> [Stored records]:
==*==

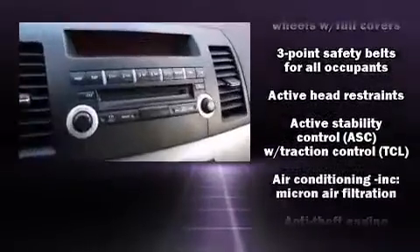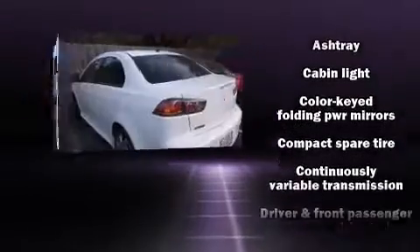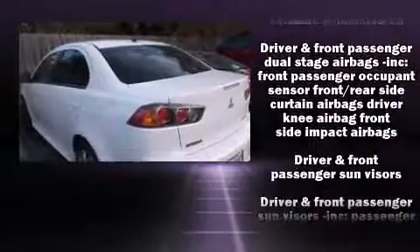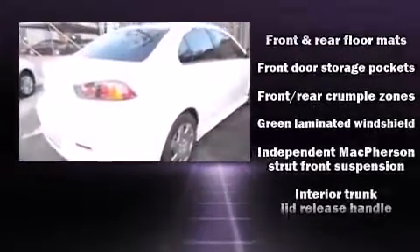Mitsubishi ensures the safety and security of its passengers with equipment such as head curtain airbags, front side impact airbags, traction control, brake assist, a security system, and ABS brakes.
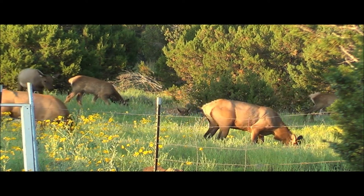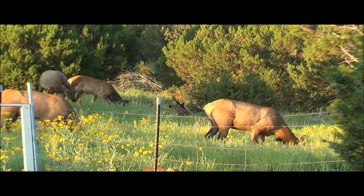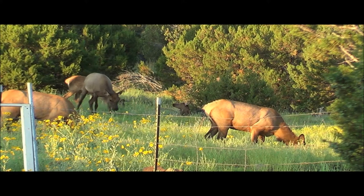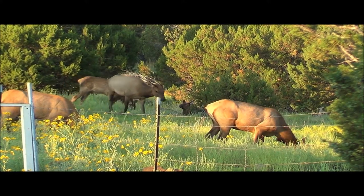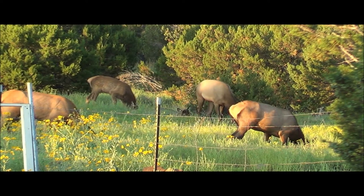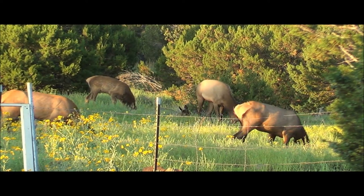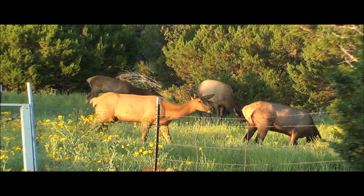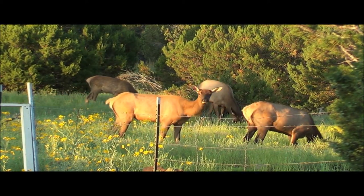Did you know elk live to be about 15 years old? Why? That's how old they get — 15 years. Some dogs can live up to 20 years. We live up to like a hundred years or more. It depends on how healthy you keep your body.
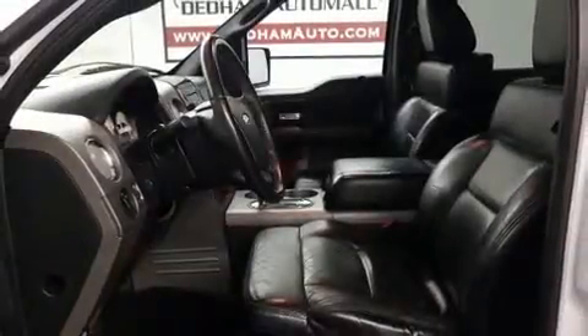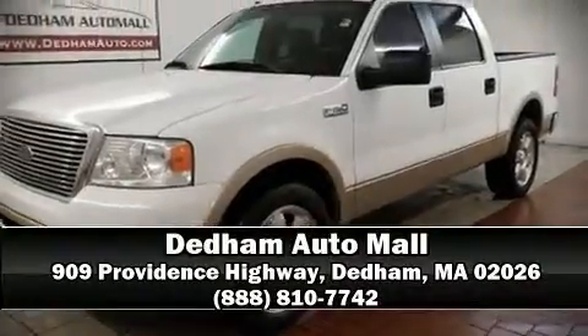A Carfax history report provides you peace of mind by detailing information related to past owners and service records. Stop by our dealership or give us a call for more information.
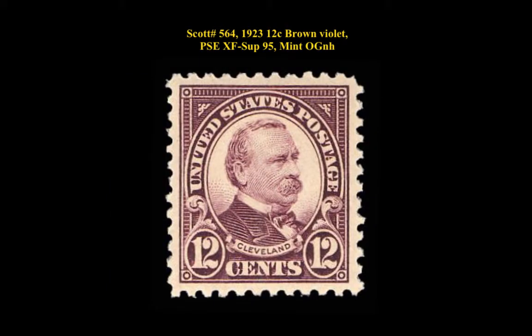Scott No. 564, 1923, 12 cent brown violet, PSE extremely fine-superb 95, mint, original gum never hinged.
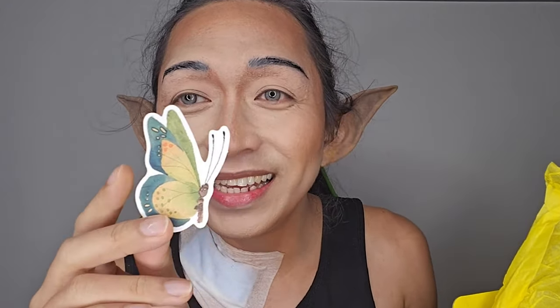Oh my god, I actually love their logo. It's giving me Celtic, Valhalla, fantasy vibes — loving it! So let's go ahead and open it. This is so cute, this is so yellow. Oh my god, that's a cute sticker.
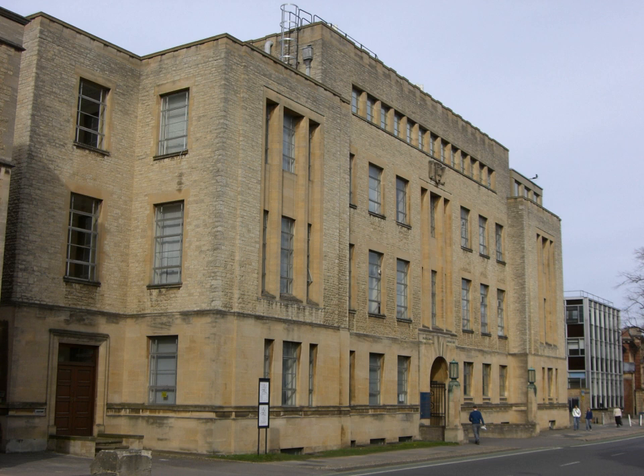The Department of Chemistry is the Chemistry Department of the University of Oxford, England, which is part of the university's Mathematical, Physical and Life Sciences division.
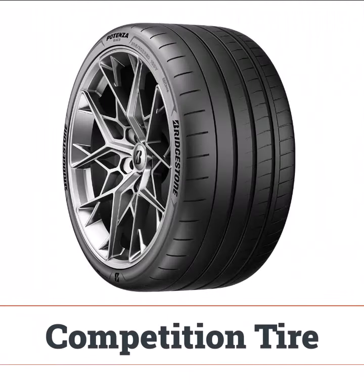Competition tires, or racing slicks, are built for track performance with minimal tread for maximum grip on pavement. Not recommended for wet conditions or daily driving.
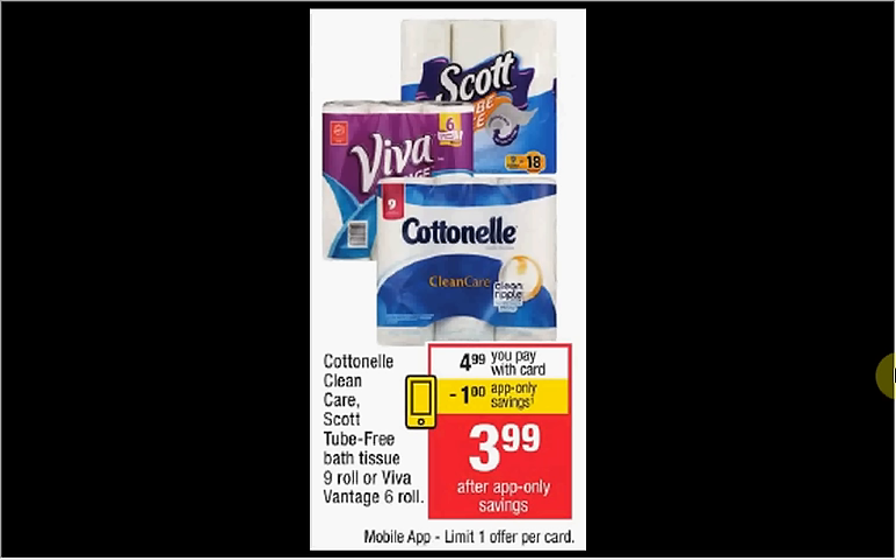The Scott tube-free bath tissue, the nine count, is on sale for $4.99. There's an in-app coupon for a dollar off. You can stack with a dollar off coupon from your Smart Source of November 13th and pay $3.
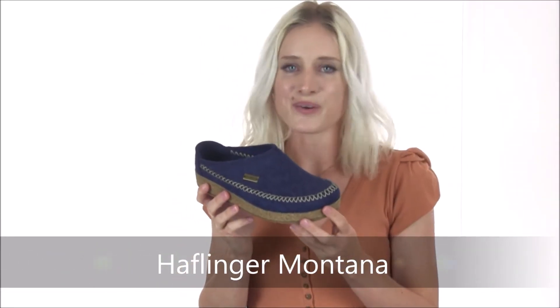Hey shoe shoppers, it's Flo here from Dodge Shoe Company showing you the Montana Clog Slipper from Halflinger.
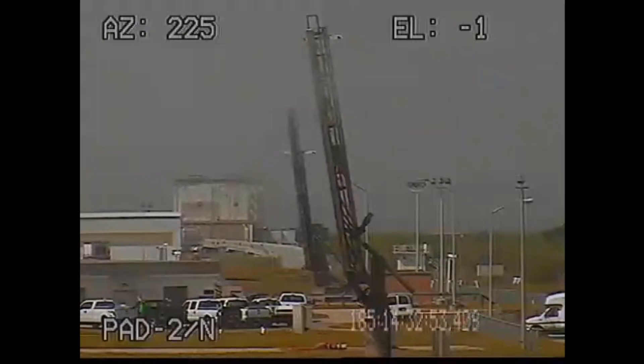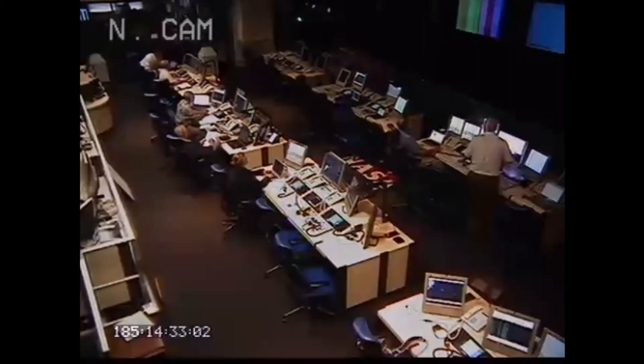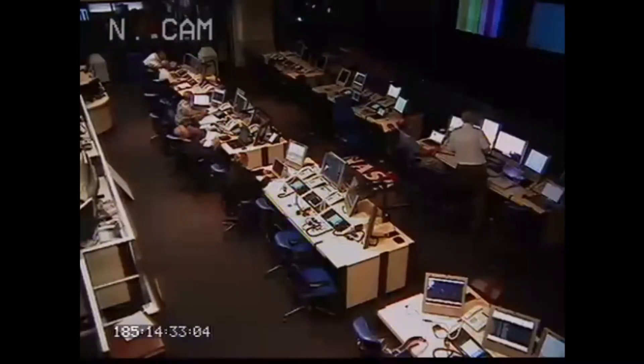Doors 41. ACS off. 1-4-2-4. Spear deployed. Spear deployed is on the Terrier-Improved Orion ride. ACS off. Roll rate slow.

==*==

> [WHAT TO WORK ON]:
All of the entries above are to be restated word for word, minus the images.

> [ANSWER AREA]:
Mitsubishi ensures the safety and security of its passengers with equipment such as head curtain airbags, front side impact airbags, traction control, brake assist, a security system, and ABS brakes.
Did you know elk live to be about 15 years old? Why? That's how old they get — 15 years. Some dogs can live up to 20 years. We live up to like a hundred years or more. It depends on how healthy you keep your body.
A Carfax history report provides you peace of mind by detailing information related to past owners and service records. Stop by our dealership or give us a call for more information.
Scott No. 564, 1923, 12 cent brown violet, PSE extremely fine-superb 95, mint, original gum never hinged.
Oh my god, I actually love their logo. It's giving me Celtic, Valhalla, fantasy vibes — loving it! So let's go ahead and open it. This is so cute, this is so yellow. Oh my god, that's a cute sticker.
The Department of Chemistry is the Chemistry Department of the University of Oxford, England, which is part of the university's Mathematical, Physical and Life Sciences division.
Competition tires, or racing slicks, are built for track performance with minimal tread for maximum grip on pavement. Not recommended for wet conditions or daily driving.
The Scott tube-free bath tissue, the nine count, is on sale for $4.99. There's an in-app coupon for a dollar off. You can stack with a dollar off coupon from your Smart Source of November 13th and pay $3.
Hey shoe shoppers, it's Flo here from Dodge Shoe Company showing you the Montana Clog Slipper from Halflinger.
Doors 41. ACS off. 1-4-2-4. Spear deployed. Spear deployed is on the Terrier-Improved Orion ride. ACS off. Roll rate slow.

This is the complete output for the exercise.